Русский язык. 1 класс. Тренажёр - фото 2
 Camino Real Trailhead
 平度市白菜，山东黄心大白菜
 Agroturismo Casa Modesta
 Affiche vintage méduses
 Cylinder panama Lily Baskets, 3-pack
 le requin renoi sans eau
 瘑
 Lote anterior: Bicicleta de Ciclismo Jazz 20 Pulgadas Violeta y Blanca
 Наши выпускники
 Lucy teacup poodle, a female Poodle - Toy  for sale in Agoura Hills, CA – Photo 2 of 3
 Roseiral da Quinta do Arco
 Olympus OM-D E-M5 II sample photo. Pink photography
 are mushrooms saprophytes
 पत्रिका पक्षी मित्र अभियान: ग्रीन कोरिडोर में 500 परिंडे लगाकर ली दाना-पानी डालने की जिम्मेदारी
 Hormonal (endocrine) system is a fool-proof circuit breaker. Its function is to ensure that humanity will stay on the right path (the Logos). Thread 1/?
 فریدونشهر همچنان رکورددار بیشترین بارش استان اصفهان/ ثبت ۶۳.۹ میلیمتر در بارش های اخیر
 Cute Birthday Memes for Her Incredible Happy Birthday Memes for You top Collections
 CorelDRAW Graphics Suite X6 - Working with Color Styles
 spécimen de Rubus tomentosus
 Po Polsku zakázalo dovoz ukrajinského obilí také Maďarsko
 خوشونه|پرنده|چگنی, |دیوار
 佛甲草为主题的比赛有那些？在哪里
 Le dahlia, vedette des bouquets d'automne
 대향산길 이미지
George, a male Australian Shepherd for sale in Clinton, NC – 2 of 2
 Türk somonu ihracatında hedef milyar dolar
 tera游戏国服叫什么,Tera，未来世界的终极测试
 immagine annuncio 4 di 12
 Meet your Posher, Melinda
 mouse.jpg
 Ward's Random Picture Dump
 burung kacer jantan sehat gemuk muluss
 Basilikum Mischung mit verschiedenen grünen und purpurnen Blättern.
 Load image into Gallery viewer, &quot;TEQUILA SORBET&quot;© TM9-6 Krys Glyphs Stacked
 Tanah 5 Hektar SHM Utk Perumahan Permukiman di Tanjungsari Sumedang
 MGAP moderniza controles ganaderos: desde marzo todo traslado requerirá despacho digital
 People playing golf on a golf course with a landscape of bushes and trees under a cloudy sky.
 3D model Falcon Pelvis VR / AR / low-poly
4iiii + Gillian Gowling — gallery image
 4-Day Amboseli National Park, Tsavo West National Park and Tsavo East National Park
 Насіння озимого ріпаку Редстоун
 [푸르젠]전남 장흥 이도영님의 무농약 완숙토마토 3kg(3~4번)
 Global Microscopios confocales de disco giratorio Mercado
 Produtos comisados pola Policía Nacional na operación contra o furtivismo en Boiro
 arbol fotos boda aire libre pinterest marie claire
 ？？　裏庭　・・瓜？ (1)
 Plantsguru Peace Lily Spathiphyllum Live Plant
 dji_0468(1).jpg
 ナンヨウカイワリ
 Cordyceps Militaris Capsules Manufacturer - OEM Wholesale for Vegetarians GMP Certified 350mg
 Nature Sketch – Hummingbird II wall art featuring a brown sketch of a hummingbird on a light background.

——————

▸ **PROBLEM TO WORK ON**
This exercise needs every line of the listing that contains the word "image".

▸ **OUTPUT**
 Load image into Gallery viewer, &quot;TEQUILA SORBET&quot;© TM9-6 Krys Glyphs Stacked
4iiii + Gillian Gowling — gallery image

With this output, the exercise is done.